L'homme se tient sur une brèche, dans l'intervalle entre le passé révolu
et l'avenir inconnaissable. Il ne peut s'y tenir que dans la mesure où
il pense, brisant ainsi, par sa résistance aux forces du passé infini et
du futur infini, le flux du temps indifférent.
Chaque génération nouvelle, chaque homme nouveau doit redécouvrir
laborieusement l'activité de pensée. Longtemps, pour ce faire, on put
recourir à la tradition. Or nous vivons, à l'âge moderne, l'usure de la
tradition, la crise de la culture.
Il ne s'agit pas de renouer le fil rompu de la tradition, ni d'inventer
quelque succédané ultra-moderne, mais de savoir s'exercer à penser pour
se mouvoir dans la brèche.
Hannah Arendt, à travers ces essais d'interprétation critique -
notamment de la tradition et des concepts modernes d'histoire,
d'autorité et de liberté, des rapports entre vérité et politique, de la
crise de l'éducation -, entend nous aider à savoir comment penser en
notre siècle.
Composé de huit essais conçus comme des "exercices de pensée politique",
cet ouvrage de la philosophe d'origine allemande Hannah Arendt tire son
unité d'un seul et difficile projet : enquêter sur l'origine des grands
concepts de la philosophie politique. Le troisième essai, consacré à la
notion d'autorité, constitue une analyse particulièrement éclairante de
la modernité, définie comme oubli des origines. En effet, l'autorité
traditionnelle se définissait par opposition à la fois à la contrainte
par force et à la persuasion par arguments. Elle n'était pas
l'autoritarisme car "là où la force est employée, l'autorité proprement
dite a échoué". Elle n'avait pas non plus besoin de se justifier. Dès
lors, si nous confondons aujourd'hui autorité et violence, et croyons
que l'autorité peut être discutée, c'est que nous avons oublié ce
qu'elle est. Remontant jusqu'à la source de ce concept et de tant
d'autres (liberté, histoire...), Arendt tente de nous délivrer d'une
amnésie préjudiciable à la compréhension de notre propre monde. Un
périple généalogique qui suppose tout de même quelques bagages assez
solides !
Hannah Arendt (1906-1975), un monde en partage : Une vie, une œuvre [1984 / France Culture]

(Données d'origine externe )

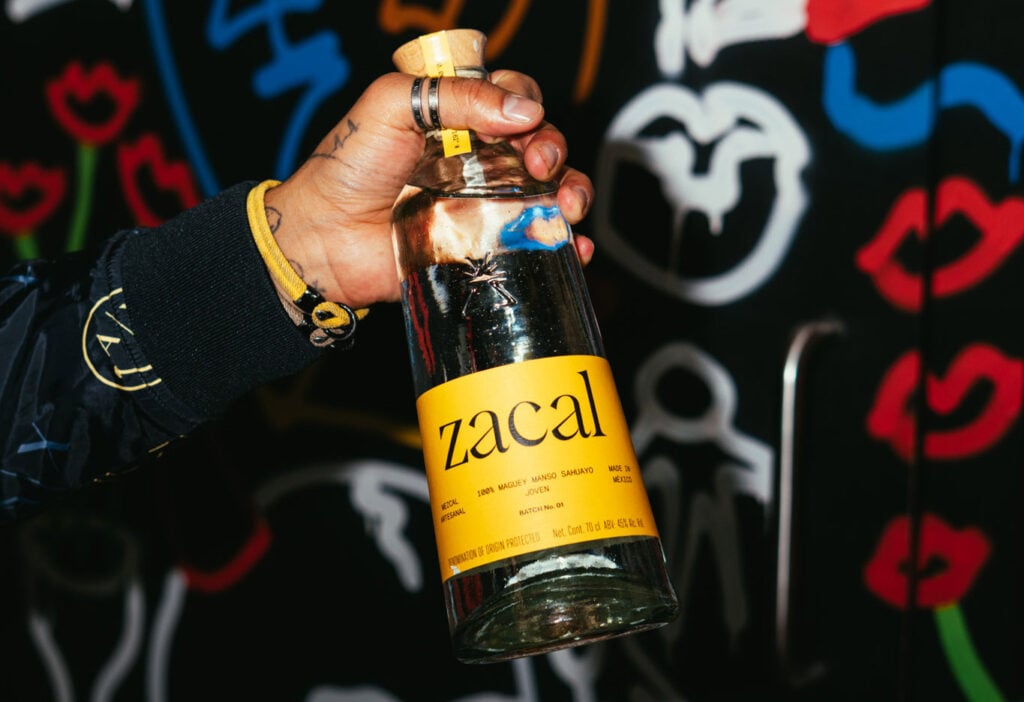 A bottle of Zacal mezcal in a person's hand in front of a graffitied wall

Hannah Arendt 1906-1975, née Johanna Arendt, est une philosophe allemande naturalisée américaine, connue pour ses travaux sur l’activité politique, le totalitarisme et la modernité.
Fille unique d'une famille aisée de juifs allemands, Hannah Arendt fait ses études à l'université de Marbourg. Elle est l'élève de Heidegger, avec qui elle noue une courte liaison, ainsi qu'une vaste correspondance qui durera jusqu'à la mort de celui-ci.
Elle ne se désignait pas elle-même comme "philosophe", mais plutôt d'après sa profession : professeur de théorie politique. Son refus de la philosophie est notamment évoqué dans "Condition de l'homme moderne" où elle considère que « la majeure partie de la philosophie politique depuis Platon s'interpréterait aisément comme une série d'essais en vue de découvrir les fondements théoriques et les moyens pratiques d'une évasion définitive de la politique. »
Ses ouvrages sur le phénomène totalitaire sont étudiés dans le monde entier et sa pensée politique et philosophique occupe une place importante dans la réflexion contemporaine. Ses livres les plus célèbres sont "Les Origines du totalitarisme" (1951), "Condition de l'homme moderne" (1958) et "La Crise de la culture" (1961). Son livre "Eichmann à Jérusalem", publié à la suite du procès d'Adolf Eichmann en 1961, a suscité des controverses.